THERE ISN'T A PALETTE MORE DIVERSE THAN AN INDIAN ONE. AND YOU'D BE HARD PRESSED TO FIND THAT KIND OF VARIETY FROM JUST A SINGLE SECTION OF THE COUNTRY ANYWHERE ELSE.
One of the earnest ideas behind The Permit Room is to introduce people to the sheer variety of traditional South Indian cuisine, but with a modern-day take on it. Essentially it's recipes from your ajji's (Kannada for grandma) kitchen, but served in a rather modern, and also cocktail-friendly form.

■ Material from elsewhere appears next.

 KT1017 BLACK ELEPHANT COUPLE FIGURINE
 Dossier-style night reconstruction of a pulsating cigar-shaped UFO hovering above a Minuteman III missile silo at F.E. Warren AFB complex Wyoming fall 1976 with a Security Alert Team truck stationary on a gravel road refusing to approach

Your ajji may or may not approve.
Thindi Tales is an attempt to take you one step deeper, the equivalent of getting you to eat meals with your fingers, and hopefully help you appreciate South-Indian cuisine in all its gastronomic glory.
Some Context Setting
Grab a glass of steaming hot cutting chai, because you’re about to take a trip down memory lane.
(And also because chai is great in general.)
Presenting our take on the legendary South-Indian street-side snack—the Chilli Cheese Bhajji.
Bhajjis are a quintessential part of growing up in the south.
They’re an experience unto themselves, and you’ll find countless people reminiscing about bhajji eating with a level of emotion which might seem odd—until you partake in them yourself.
They’re the Malgudi Days equivalent of street-side food, as far as the nostalgia quotient is concerned. That’s why everyone from a school going kid to their grandparent will have a soft spot for this snack, admitting to it being a guilty pleasure. Particularly on cold, gloomy, rainy days. (Along with some cuddles. Sigh.)
You’ll find ‘bhajji aunty’ or ‘bhajji uncle’ at the corner of most busy streets, their push carts set up with the bhajji oil brought to a boil, batch after batch being eagerly fried for hungry passers-by.
If you stop and take a look, you’ll notice that a majority of this crowd is made up of college goers and office employees, both parties on a quick chai and ‘cuts’ break.
They’ll all huddle around, trying to get the bhajji maker’s ultra-efficient sidekick to take notice and place their order next.
Plus, you’ll need to stop to check out all the variety on offer too—there’s everything from chillies, brinjal, egg, lentils, potato stuffing, to just plain bread.
They’re served bisi-bisi (or hot-hot) on neat squares of newspaper, with a heavy dressing of raw onion and green chutney. And if bhajji aunty or uncle have taken a liking to you and your area boys, they might throw in a few extras. Best!
We do it a little differently at ours.
At The Permit Room
Our mulaga bhajji is generously stuffed with cheese, and after being nicely and properly batter fried, is served with a tamarind chutney.
Yup. We take a comfort food, stuff it with warm cheese, batter fry it with some nostalgia and serve it to you with love. (How's that for extra cheese?)
The cheese perfectly offsets the spice of the mulaga and tanginess of the tamarind chutney.
And whether it’s with tea, coffee, one of our cocktails (Yes, we're back to serving those! Whistle podu!) or just by itself, the Chilli Cheese Bhajjis will leave you super satisfied.
Plus, the weather in namma ooru right now couldn’t be more perfect to sample this one. Come off!
Our Chef Says
"It's all about recreating a classic vibe. We've made it so that it could double as a great appetiser, regardless of setting. The cheese adds a fun texture to this favourite, and is the surprise element for most people who are familiar with the original mulaga bhajji.
Sometimes, people end up telling me their own favourite bhajji stories while having this dish. It's nice."